Nouvel album enchanteur pour Rone, qui explore une ville imaginaire au sein de Mirapolis, disque nourri de guests : à savourer live au Transbordeur ce mercredi.


Patiemment, Rone se façonne son univers. Pas juste un son, mais un écosystème où naviguent d'autres explorateurs interconnectés, se nourrissant les uns des autres pour former une biomasse dont Rone serait le ferment. Avant même de jeter une oreille, on a déjà compris : le visuel de la cover est signé Michel Gondry et c'est comme une évidence, ces deux personnages totalement lunaires ne pouvaient que se reconnaître mutuellement... C'est le clippeur de Björk et Kylie Minogue qui a fait le premier pas, contactant le musicien. Le titre, ensuite, qui découle de cette pochette ébouriffée du réalisateur de Eternal Sunshine of the Spotless Mind : Mirapolis. Cinécompatible et bédéphile, assurément, tel un Fritz Lang old skool, une plongée science-fictionnesque dans une ville devenue personnage inquiétant, fascinant ou oppressant, comme dans d'autres œuvres majeures (Blade Runner,  Batman, Les Cités obscures...). Évidemment, si la science-fiction est latente partout, Alain Damasio, maître français du genre, n'est pas loin. Compagnon de voyage intersidéral d'Erwan Castex depuis leur collaboration sur le génial Bora (dix ans déjà), le voici de retour en ombre chinoise - l'album serait en partie inspiré de son premier roman,  La Zone du dehors, contant les affres d'une cité se voulant parfaite mais finissant par oppresser.

La nouveauté, c'est la voix, ou plutôt ce sont les voix : Saul Williams, qui nous avait tant ébloui à l'époque du film Slam, toujours aussi vindicatif et conscient, dépose une charge contre Donald Trump sur Faster - enregistré le lendemain de l'investiture du président américain, et s'affaire à un second titre, Everything. Le dandy sexy Dury (Baxter) se love sur Switches. Un Stéphanois s'illustre aussi sur ce track : N'Zeng (ex-Le Peuple de l'Herbe) vient y déposer sa trompette. Enfin, Kazu Makino de Blonde Redhead fait sautiller Down For The Cause, concluant en beauté cet album pas tout à fait concept mais très réfléchi. À noter que Gaspar Claus, autre pensionnaire du label Infiné, est lui aussi présent avec son violoncelle, comme sur le précédent opus, Creatures.

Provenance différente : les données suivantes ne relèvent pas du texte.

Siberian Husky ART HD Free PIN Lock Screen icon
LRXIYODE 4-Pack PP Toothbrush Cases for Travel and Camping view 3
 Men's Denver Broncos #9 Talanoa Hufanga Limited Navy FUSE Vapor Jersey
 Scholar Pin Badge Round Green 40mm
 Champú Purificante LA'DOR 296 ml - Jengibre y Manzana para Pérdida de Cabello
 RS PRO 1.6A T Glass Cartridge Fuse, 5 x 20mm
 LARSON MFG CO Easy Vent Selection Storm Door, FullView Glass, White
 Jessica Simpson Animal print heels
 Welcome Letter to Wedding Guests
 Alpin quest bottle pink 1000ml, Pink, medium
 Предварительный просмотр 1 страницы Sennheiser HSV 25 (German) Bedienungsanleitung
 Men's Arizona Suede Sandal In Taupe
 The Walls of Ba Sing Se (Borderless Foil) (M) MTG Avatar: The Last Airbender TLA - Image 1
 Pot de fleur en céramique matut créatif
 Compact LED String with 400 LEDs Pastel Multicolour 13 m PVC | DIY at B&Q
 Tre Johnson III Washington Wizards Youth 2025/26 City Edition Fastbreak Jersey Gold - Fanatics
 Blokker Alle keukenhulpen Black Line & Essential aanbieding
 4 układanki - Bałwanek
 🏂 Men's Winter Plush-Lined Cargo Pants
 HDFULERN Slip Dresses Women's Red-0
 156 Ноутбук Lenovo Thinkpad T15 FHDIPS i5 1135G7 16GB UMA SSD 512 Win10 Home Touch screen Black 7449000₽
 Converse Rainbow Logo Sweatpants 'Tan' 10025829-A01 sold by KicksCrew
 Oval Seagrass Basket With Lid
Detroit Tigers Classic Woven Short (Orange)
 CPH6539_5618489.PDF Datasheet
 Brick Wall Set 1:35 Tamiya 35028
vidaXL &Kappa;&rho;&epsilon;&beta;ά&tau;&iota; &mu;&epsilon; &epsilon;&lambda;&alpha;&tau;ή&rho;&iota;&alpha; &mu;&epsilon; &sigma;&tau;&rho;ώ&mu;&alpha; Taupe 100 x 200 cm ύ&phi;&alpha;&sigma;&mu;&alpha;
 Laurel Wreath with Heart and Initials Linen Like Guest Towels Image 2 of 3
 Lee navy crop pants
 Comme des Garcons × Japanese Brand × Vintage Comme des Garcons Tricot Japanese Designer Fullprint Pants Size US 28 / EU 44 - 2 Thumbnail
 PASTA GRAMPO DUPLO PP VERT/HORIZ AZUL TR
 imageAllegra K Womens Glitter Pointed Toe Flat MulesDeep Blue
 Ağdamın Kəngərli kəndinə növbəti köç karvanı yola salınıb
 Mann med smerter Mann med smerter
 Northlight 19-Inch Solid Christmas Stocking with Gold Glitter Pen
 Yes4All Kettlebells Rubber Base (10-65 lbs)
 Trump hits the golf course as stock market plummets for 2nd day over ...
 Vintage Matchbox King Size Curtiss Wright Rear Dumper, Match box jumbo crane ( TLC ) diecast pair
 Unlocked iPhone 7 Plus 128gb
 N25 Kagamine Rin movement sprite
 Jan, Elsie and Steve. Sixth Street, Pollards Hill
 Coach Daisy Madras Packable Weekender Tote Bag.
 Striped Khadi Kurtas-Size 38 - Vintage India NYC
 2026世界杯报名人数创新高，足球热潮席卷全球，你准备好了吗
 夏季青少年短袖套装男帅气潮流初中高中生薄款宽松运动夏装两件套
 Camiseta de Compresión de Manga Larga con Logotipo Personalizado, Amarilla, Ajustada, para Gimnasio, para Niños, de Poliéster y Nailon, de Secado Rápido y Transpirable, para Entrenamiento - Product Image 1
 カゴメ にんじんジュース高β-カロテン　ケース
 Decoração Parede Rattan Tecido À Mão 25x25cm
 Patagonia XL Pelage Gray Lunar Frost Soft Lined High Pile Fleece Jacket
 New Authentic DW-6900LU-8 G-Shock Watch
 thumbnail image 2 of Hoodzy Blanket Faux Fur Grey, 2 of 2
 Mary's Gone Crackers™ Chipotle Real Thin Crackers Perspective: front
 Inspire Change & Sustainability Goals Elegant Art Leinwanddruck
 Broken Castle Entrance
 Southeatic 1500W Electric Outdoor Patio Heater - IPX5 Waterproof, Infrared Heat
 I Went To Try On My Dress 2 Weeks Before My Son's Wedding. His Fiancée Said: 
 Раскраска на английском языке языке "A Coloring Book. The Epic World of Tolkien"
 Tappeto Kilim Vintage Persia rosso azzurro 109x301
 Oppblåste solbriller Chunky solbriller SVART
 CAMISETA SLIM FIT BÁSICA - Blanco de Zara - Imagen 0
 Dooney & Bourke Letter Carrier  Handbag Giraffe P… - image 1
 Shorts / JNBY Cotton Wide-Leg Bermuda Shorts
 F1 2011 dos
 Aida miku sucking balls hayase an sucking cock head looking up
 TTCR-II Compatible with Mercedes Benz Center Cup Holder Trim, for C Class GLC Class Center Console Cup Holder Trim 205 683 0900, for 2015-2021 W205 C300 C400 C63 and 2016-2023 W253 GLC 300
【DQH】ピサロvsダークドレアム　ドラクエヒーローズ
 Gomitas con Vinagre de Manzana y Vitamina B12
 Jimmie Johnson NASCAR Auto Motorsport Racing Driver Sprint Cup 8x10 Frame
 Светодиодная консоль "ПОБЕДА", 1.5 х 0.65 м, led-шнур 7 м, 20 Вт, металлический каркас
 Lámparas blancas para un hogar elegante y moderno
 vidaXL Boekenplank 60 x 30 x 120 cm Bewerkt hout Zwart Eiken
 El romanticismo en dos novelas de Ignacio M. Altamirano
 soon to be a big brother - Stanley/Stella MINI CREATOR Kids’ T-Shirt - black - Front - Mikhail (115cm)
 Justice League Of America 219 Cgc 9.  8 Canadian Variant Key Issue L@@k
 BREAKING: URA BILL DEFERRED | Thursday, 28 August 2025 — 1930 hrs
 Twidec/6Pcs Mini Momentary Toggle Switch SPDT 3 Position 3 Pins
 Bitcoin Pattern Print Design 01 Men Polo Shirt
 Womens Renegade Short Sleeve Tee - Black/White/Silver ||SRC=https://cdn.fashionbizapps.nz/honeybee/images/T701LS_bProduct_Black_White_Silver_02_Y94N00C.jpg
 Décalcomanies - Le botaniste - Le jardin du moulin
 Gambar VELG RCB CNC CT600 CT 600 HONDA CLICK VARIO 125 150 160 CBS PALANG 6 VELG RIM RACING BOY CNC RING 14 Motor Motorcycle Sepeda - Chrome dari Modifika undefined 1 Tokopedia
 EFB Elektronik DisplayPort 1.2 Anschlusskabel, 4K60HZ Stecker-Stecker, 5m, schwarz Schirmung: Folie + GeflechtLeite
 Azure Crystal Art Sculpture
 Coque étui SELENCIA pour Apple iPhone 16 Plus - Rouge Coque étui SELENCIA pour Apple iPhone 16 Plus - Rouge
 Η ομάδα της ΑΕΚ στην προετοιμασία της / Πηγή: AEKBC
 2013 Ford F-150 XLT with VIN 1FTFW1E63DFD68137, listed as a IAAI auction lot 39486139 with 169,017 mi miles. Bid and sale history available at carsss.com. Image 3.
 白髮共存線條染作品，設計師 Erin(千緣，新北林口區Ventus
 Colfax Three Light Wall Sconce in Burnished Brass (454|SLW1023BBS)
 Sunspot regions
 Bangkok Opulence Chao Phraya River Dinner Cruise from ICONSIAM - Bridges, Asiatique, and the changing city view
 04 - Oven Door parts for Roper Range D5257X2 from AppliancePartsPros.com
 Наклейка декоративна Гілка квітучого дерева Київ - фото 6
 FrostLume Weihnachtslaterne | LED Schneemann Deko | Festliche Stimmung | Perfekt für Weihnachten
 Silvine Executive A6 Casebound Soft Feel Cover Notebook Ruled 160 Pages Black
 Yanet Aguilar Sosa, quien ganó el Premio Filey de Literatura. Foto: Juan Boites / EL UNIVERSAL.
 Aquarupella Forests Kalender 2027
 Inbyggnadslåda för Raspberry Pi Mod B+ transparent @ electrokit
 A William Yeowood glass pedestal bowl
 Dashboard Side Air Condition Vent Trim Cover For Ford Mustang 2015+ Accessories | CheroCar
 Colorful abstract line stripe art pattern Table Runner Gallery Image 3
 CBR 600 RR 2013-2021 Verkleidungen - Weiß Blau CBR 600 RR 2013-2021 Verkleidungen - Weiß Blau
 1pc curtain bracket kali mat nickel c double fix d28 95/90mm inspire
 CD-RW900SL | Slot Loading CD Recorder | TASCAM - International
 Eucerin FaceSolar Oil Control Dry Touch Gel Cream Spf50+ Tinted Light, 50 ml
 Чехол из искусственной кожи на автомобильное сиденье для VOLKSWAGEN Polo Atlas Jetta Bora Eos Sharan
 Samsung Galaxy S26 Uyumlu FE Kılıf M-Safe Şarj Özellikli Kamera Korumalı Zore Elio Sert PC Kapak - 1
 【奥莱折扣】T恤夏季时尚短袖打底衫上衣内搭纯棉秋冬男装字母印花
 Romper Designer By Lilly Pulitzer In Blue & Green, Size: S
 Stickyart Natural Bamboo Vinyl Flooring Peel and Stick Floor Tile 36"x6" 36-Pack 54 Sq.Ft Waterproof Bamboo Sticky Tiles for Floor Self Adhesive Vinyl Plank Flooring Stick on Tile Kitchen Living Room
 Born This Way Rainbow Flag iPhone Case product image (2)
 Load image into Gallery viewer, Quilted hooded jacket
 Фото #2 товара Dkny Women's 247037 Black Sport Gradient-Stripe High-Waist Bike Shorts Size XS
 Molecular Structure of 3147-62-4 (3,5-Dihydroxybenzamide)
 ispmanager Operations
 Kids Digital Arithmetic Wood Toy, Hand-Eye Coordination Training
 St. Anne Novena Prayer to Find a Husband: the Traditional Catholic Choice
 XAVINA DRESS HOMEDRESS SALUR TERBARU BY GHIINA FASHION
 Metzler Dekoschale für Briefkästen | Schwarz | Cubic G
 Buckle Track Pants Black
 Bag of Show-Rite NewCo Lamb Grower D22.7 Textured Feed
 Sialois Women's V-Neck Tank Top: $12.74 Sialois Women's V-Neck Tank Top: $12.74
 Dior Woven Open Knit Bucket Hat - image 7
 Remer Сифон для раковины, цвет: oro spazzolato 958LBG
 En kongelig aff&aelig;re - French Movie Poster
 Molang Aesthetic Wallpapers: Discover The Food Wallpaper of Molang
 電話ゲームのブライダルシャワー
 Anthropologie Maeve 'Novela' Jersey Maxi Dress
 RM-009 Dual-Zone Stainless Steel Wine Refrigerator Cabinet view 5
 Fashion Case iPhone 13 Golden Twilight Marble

Toute cette déambulation nous plonge dans un certain spleen : comme si on se baladait sous la pluie dans cette Mirapolis, un peu grise, aux néons éteints... Si la pochette évoque la ville festive de la nuit, la musique sonne le retour aux réalités du lendemain, entre doutes induits par la gueule de bois et flashs de dopamine. Rendez-vous au Transbordeur pour tester in vivo.